The Ukrainians, as the Western powers see it, are the “right” kind of victims of invasion and occupation. The Palestinians are not.
A majority of people in most countries in the world today are consistent. There is widespread sympathy with and support for the people of Ukraine in their struggle against the Russian invasion. And, similarly, polls have shown increasing support for the Palestinian struggle against the violent occupation of their land by the apartheid state of Israel.
The hypocrisy is on the level of Western political leaders and media. For them, showing solidarity with the Ukrainians, and backing that up with measures like sanctions is one thing, while showing solidarity with the Palestinians is quite another.
Compare the attitude to sanctions targeting Russia, and the kind of (much less severe) measures called for by the global Boycotts, Divestments and Sanctions (BDS) campaign—a grassroots Palestinian initiative launched in 2005—in the case of Israel.
The EU began imposing sanctions on Russia on 23 February, before Putin’s invasion of Ukraine had even begun. A week into the invasion, the EU had already implemented wide ranging economic sanctions, including a ban on international transactions with seven Russian banks. All Russian airlines have been banned from EU airspace and EU airports. The EU has even suspended broadcasts of the Russian state-owned media outlets Sputnik and Russia Today.

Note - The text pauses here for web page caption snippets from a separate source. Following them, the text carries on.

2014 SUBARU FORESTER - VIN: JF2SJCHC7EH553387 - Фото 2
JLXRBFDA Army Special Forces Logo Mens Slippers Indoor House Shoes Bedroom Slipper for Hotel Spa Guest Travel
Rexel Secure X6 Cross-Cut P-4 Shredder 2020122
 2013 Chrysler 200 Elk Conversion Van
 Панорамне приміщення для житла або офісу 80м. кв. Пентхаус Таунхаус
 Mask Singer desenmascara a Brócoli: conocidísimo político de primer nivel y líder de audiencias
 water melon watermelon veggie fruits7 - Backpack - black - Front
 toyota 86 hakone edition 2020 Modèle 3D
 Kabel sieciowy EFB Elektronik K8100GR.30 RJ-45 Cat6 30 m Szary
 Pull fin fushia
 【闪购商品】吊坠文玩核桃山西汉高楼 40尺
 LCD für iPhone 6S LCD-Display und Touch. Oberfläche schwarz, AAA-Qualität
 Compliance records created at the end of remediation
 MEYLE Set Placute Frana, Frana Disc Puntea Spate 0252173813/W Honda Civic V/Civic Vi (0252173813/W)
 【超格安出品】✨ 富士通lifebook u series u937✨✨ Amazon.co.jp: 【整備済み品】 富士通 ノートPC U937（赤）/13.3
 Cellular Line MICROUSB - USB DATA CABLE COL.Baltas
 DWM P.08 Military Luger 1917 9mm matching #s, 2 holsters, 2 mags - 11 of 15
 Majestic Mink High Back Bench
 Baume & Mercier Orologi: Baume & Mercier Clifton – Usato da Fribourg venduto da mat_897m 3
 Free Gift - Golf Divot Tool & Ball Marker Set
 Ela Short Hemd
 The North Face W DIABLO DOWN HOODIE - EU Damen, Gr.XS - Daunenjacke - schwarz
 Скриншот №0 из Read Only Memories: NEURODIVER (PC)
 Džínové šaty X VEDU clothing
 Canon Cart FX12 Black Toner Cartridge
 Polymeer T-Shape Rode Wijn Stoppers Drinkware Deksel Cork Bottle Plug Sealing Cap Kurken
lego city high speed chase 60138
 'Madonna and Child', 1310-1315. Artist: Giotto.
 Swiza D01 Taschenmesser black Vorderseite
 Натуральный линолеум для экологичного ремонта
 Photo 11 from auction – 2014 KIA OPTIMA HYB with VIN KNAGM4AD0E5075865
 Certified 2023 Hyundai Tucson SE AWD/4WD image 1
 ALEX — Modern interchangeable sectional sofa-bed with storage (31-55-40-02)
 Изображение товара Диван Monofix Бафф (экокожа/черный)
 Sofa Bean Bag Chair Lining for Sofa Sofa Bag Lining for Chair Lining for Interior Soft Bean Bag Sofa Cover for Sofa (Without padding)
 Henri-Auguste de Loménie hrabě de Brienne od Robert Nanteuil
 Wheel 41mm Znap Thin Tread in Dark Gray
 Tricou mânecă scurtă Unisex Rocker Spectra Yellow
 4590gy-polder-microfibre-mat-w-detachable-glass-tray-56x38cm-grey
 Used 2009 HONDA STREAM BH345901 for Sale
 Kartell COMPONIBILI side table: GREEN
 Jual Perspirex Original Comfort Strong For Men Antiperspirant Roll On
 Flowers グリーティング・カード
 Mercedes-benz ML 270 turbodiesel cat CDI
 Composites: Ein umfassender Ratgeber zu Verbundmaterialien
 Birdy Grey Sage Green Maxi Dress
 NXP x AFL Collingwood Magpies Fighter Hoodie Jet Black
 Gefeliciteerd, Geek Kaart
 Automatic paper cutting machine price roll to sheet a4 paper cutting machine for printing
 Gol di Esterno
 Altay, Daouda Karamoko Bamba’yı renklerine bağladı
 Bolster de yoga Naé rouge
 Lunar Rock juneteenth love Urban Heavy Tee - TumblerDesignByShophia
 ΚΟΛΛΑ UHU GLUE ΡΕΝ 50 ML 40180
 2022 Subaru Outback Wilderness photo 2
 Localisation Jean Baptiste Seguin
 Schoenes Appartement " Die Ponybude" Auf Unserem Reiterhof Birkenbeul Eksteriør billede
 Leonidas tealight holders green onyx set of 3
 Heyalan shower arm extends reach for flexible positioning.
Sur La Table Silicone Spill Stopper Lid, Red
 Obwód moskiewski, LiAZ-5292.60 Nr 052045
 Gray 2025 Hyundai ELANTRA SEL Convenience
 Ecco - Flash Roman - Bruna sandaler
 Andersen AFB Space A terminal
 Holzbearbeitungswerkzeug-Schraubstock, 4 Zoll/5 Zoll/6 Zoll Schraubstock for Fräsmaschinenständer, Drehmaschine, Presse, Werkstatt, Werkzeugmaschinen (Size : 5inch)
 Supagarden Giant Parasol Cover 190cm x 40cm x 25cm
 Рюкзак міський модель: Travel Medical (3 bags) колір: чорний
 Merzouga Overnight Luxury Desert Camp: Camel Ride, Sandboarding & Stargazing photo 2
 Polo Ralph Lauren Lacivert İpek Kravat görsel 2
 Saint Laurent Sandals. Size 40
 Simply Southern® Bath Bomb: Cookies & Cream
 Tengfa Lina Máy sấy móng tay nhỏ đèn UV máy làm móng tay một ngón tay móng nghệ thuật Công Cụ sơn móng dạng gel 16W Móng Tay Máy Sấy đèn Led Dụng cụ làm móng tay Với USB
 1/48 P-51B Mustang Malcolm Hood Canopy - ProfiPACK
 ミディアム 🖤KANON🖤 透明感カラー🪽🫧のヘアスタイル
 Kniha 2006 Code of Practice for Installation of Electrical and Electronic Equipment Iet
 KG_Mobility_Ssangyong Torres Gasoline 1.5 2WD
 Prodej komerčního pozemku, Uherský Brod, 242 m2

If this kind of thing is right when it comes to Russia’s invasion of Ukraine, it should also be right when it comes to Israel’s ongoing violent occupation of Palestinian land and oppression of its people shouldn’t it? Wrong. Sanctions that could bring Russian citizens to the brink of starvation are not an act of war, but an act of “peace”, claims the EU. But slapping a trade ban on imports of goods from Israel’s colonial settlements in the West Bank is a step too far—a breach of European trade law.
The BDS campaign’s call for boycotts of Israeli sporting, cultural and academic institutions, and divestment from international and Israeli companies that are complicit in Israel’s regime of apartheid and settler colonialism, hasn’t just been rejected by Western governments—in some cases it has actually been criminalised.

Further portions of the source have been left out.